2.7

Futsch wie der alte Pelikan, den Peter ihm vor einem Jahr zum siebenunddreißigsten Geburtstag geschenkt hatte, mit einer echten Goldfeder und „Harry Mann“ in Sütterlin eingraviert. Aber ihn immerhin würde er wiederfinden. Am Abend bei Kellings hatte er den Füller noch benutzt, und wie.
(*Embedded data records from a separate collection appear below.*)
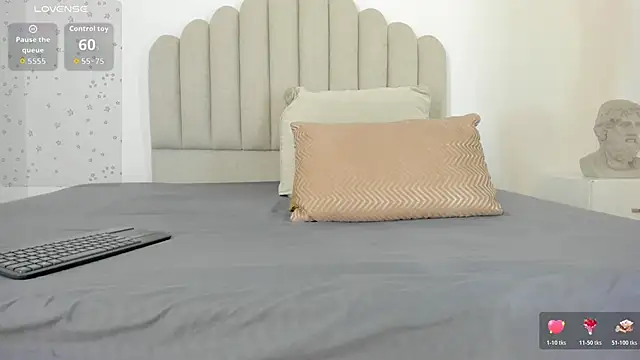 Snapshot of sarita_duque chatting on 11/09/25, 01:09 sarita duque online show from 11/09/25, 01:09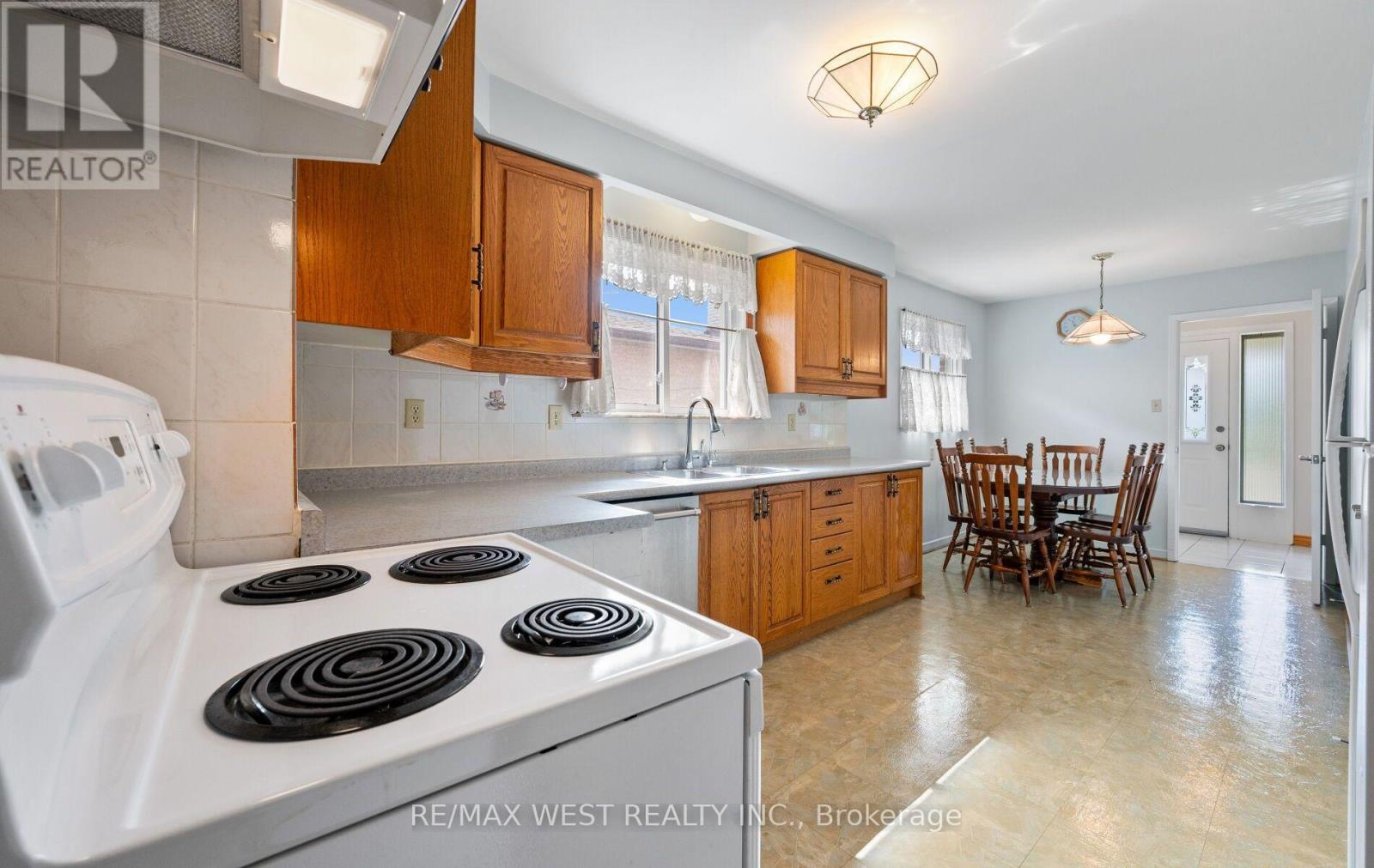 7397 Catalpa Road, Mississauga, Ontario  L4T 2T2 - Photo 10 - W13750604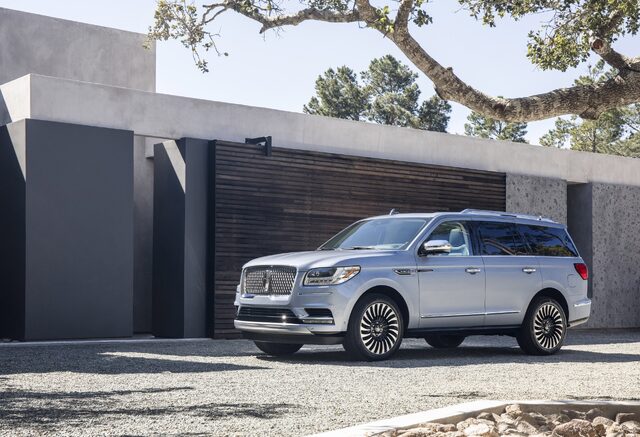 2018 Lincoln Navigator Exterior Three-Quarter Front Press Photo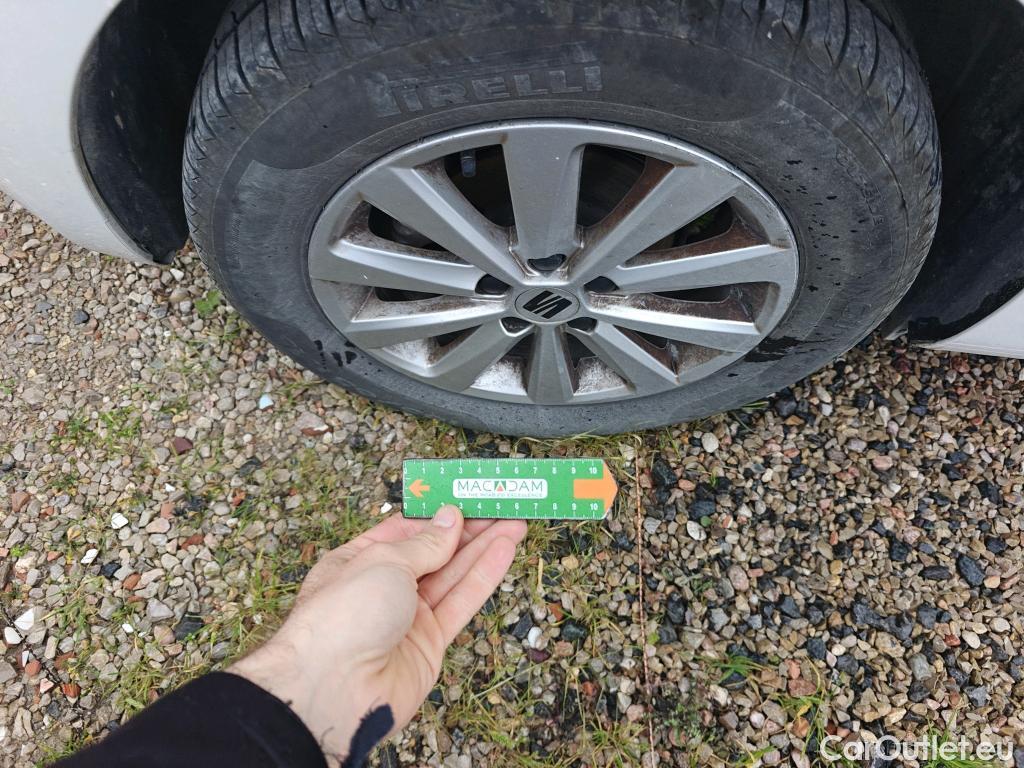  Seat  Ibiza SEAT  / 2017 / 5P / berlina con portón 1.0 TSI 81kW (110CV) Style Plus(SP) #17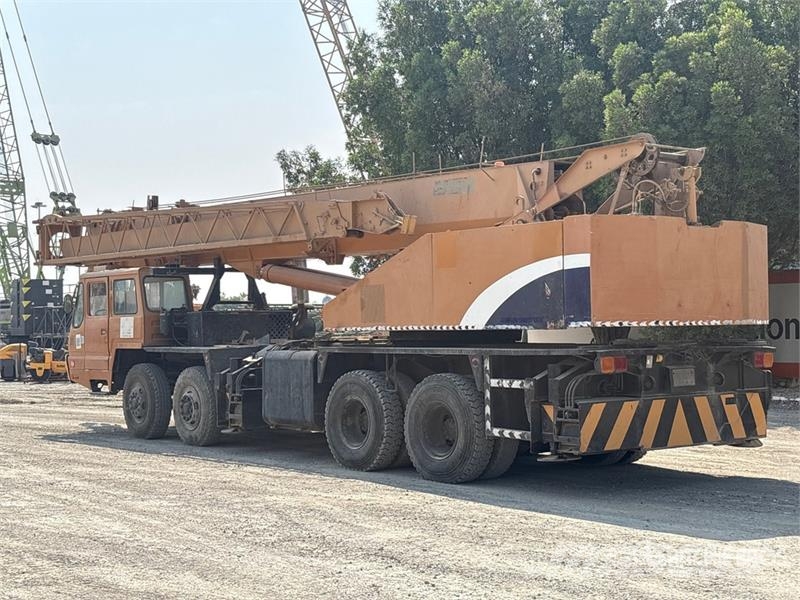 Samsung SC50H-2 8x4 Hydraulic Truck Crane رافعات مجنزرة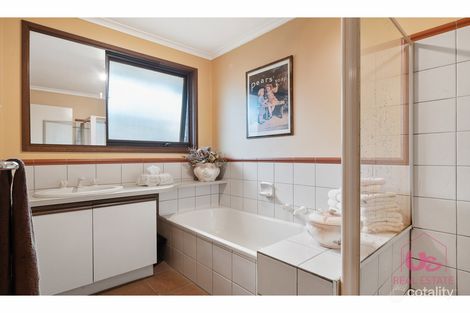 36 Franciscan Ave, Frankston, VIC 3199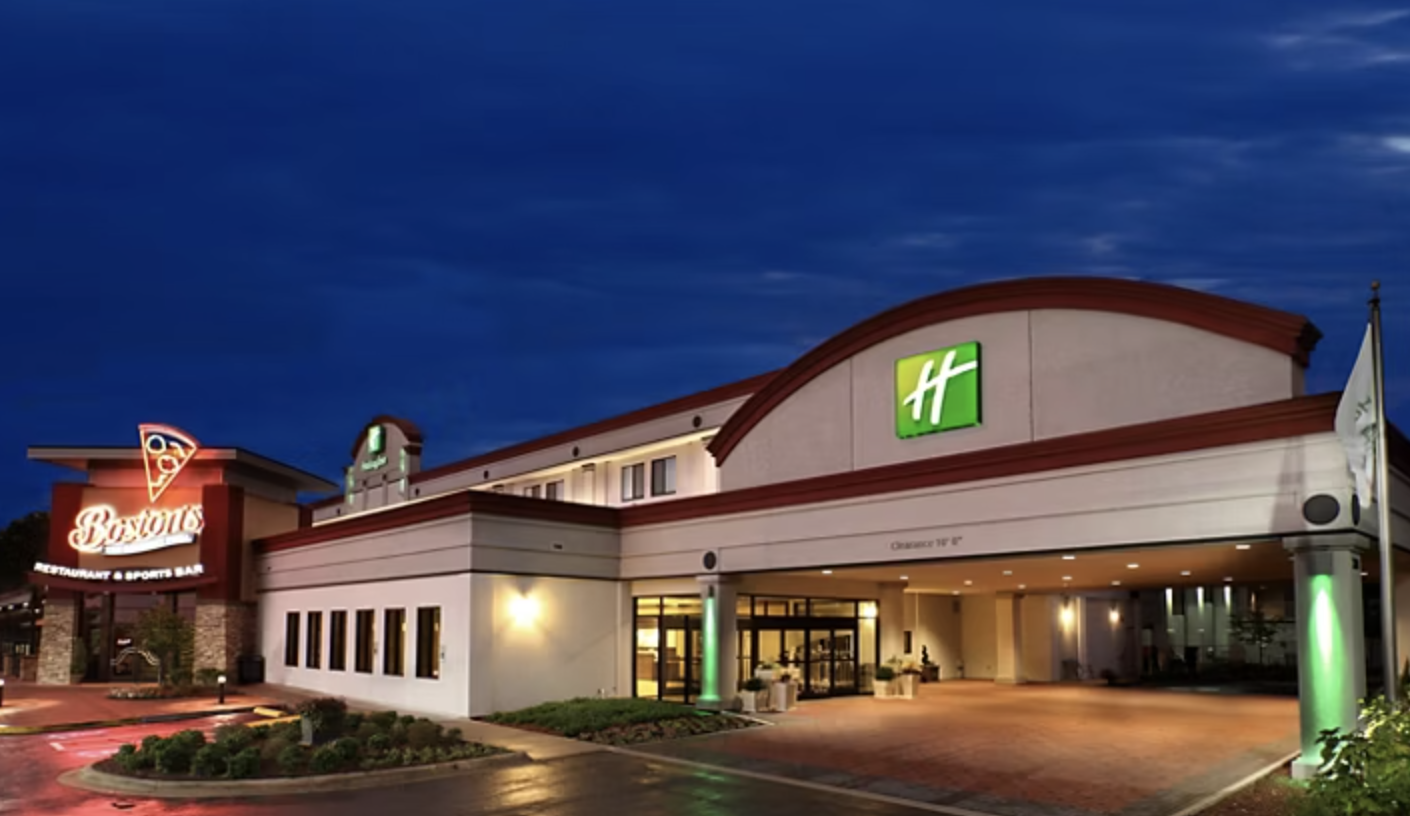 Holiday Inn Airport, Little Rock, AR entrance
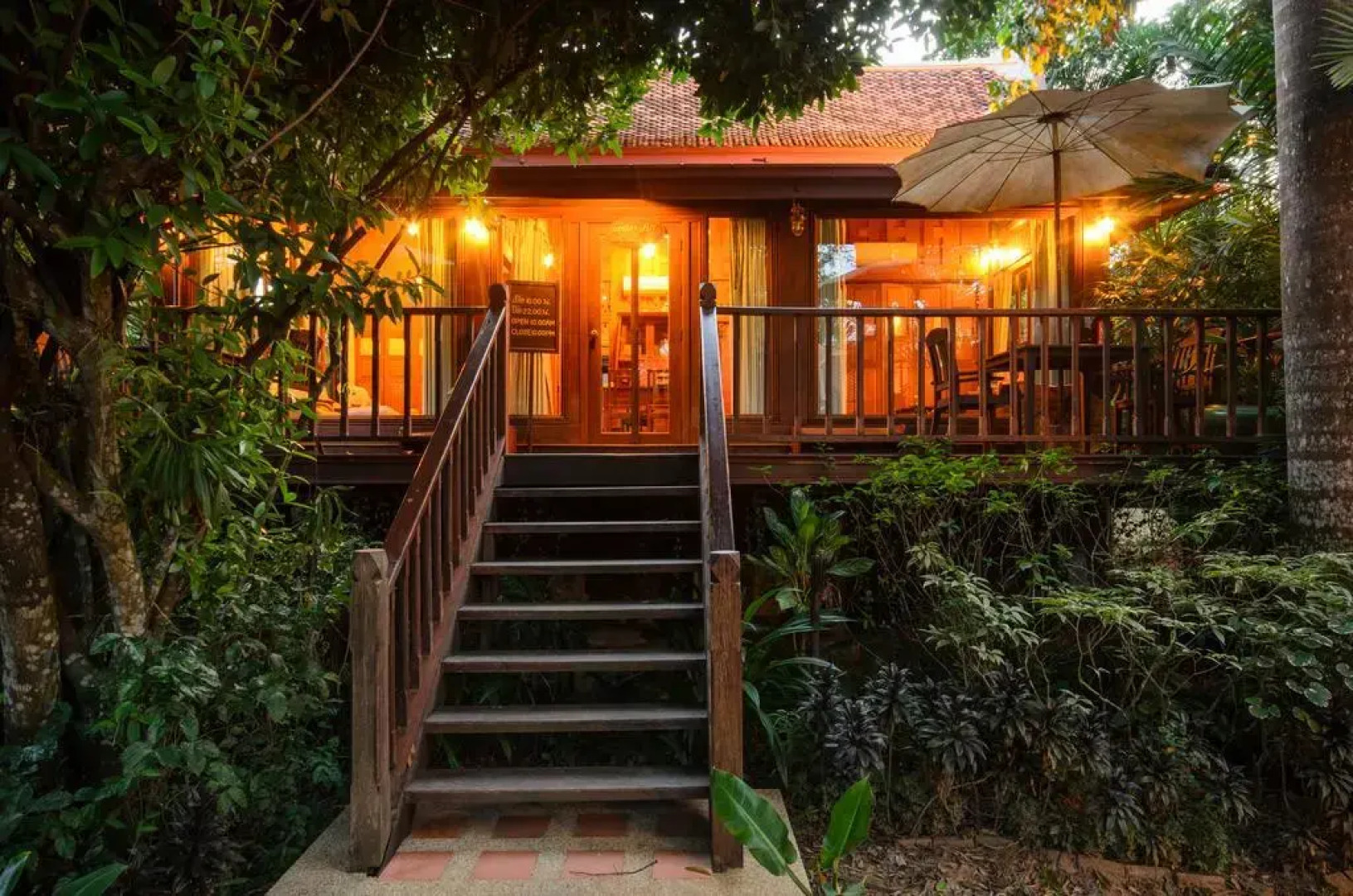 Petchvarin Resort and Spa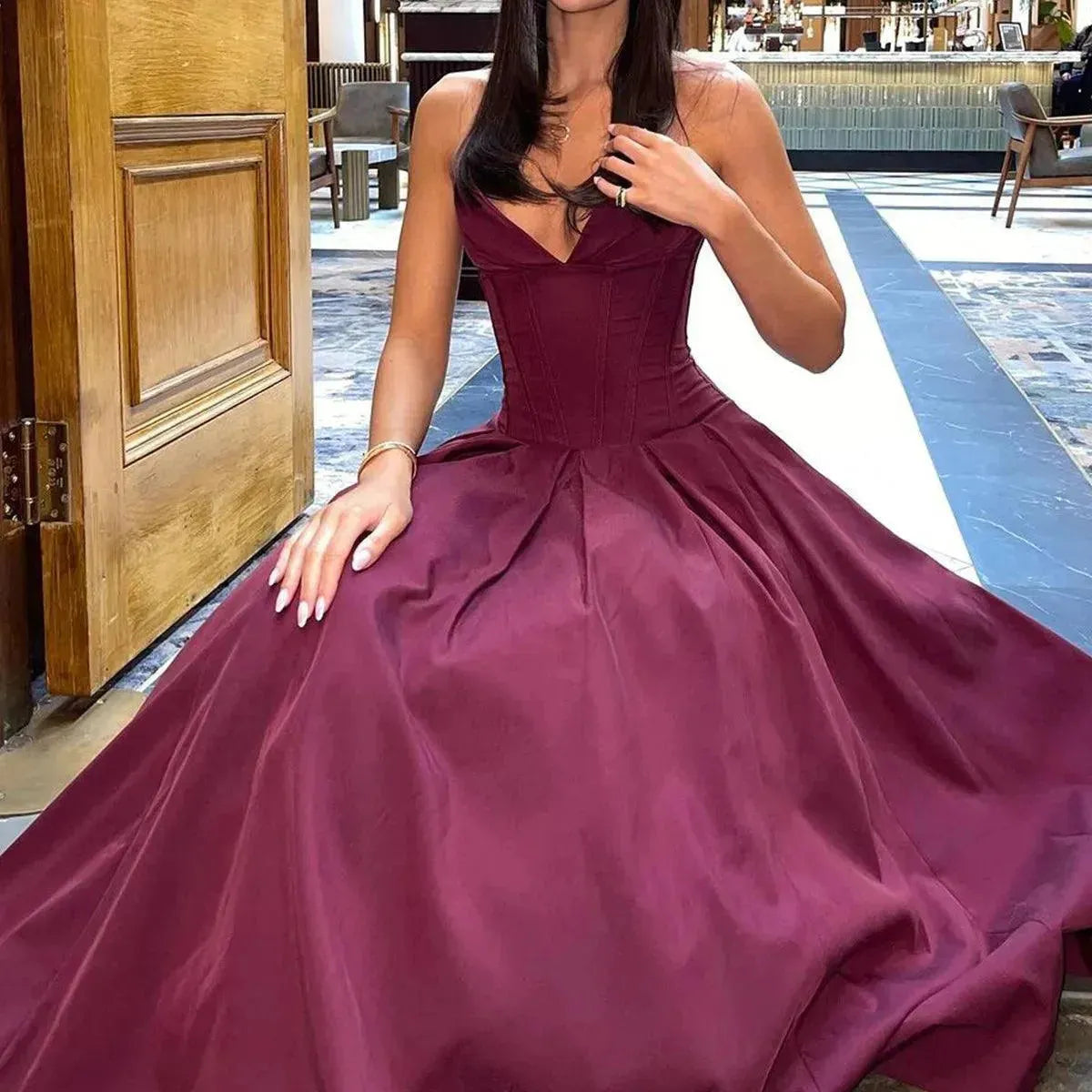 Victoria | Strapless Midi Dress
Also lag er wahrscheinlich in Gals Gästezimmer, und wenn nicht, dann musste Mann ihn bei der Heimfahrt heute morgen in Peters Cabrio verloren haben, als er das Jackett, statt es aufzuhängen, wie üblich einfach auf den Rücksitz geschmissen hatte.

Er stieg wieder aufs Rad. Die harmlosen hohen Schornsteine am Hohenzollernkanal vor Augen, fünf dicke und zwei dünne, ließ er sich anstrengungslos hinunterrollen, zu auf das schöne neue grüne Schild mit gelbem Rand, auf dem „Wedding“ stand.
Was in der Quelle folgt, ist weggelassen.